Work instructions → All of the listing is to be written out word for word, with the pictures left out.

Recorded data →
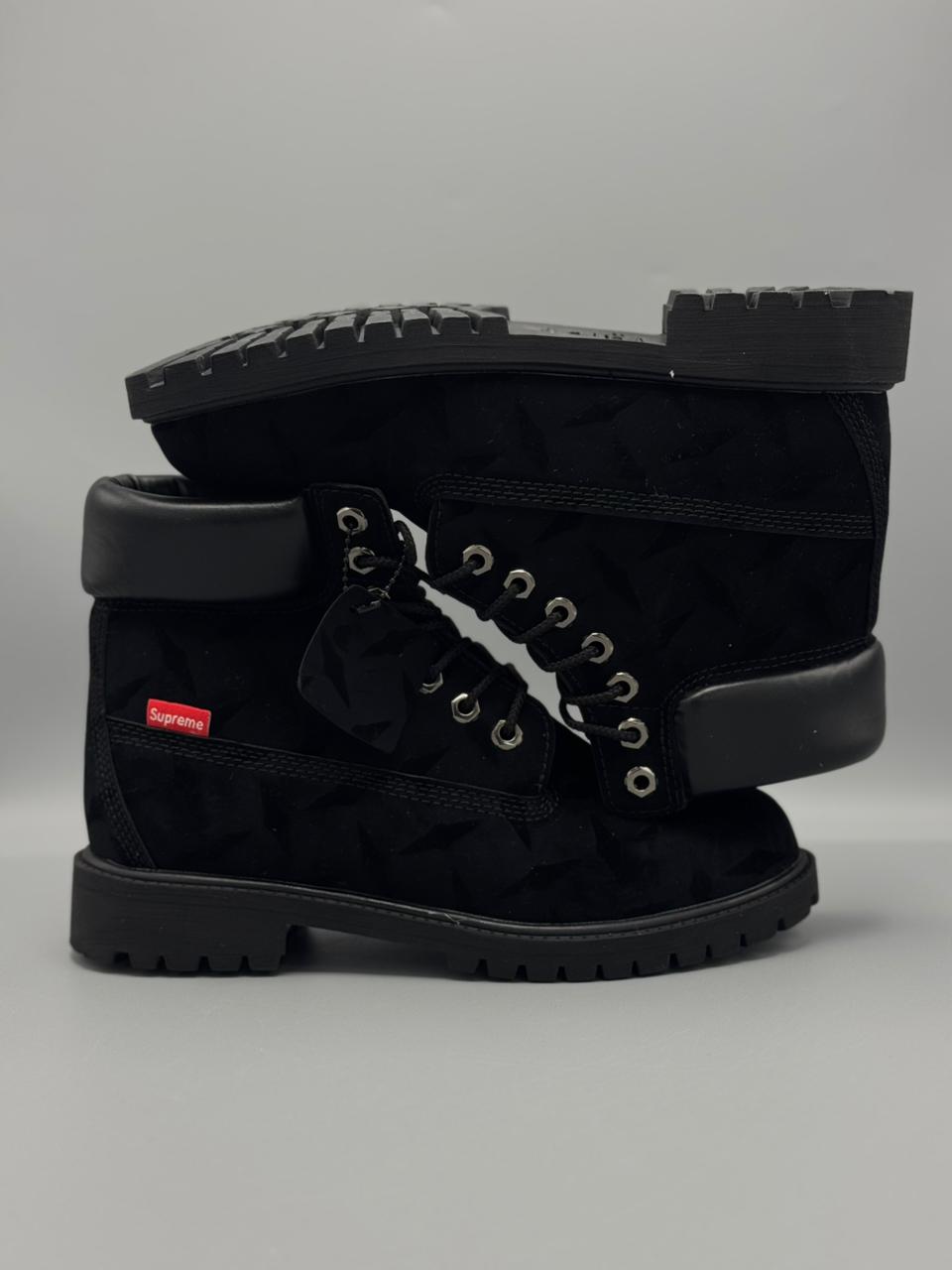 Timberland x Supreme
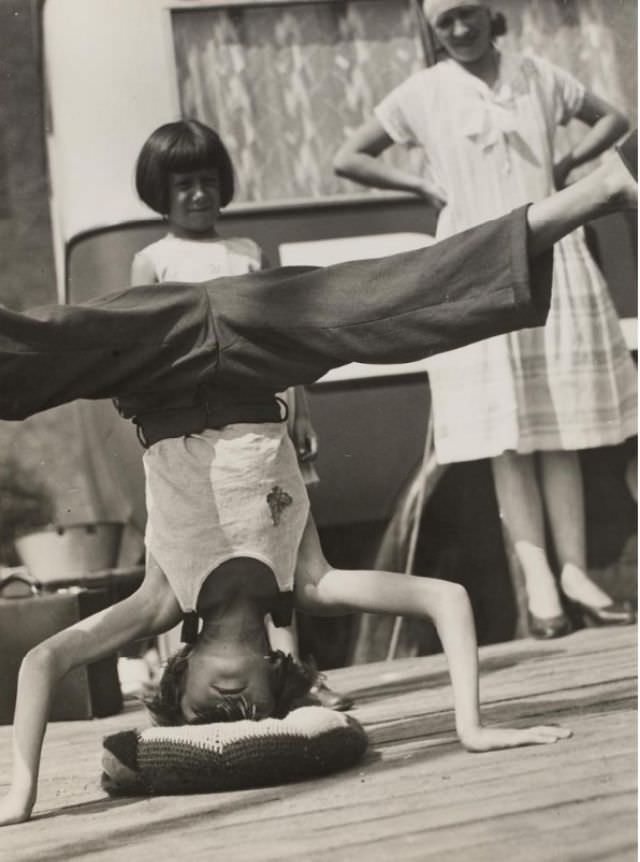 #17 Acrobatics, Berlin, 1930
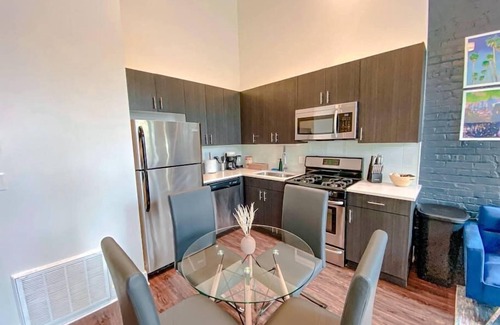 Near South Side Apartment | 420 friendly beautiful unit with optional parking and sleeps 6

Task response →
 Timberland x Supreme
 #17 Acrobatics, Berlin, 1930
 Near South Side Apartment | 420 friendly beautiful unit with optional parking and sleeps 6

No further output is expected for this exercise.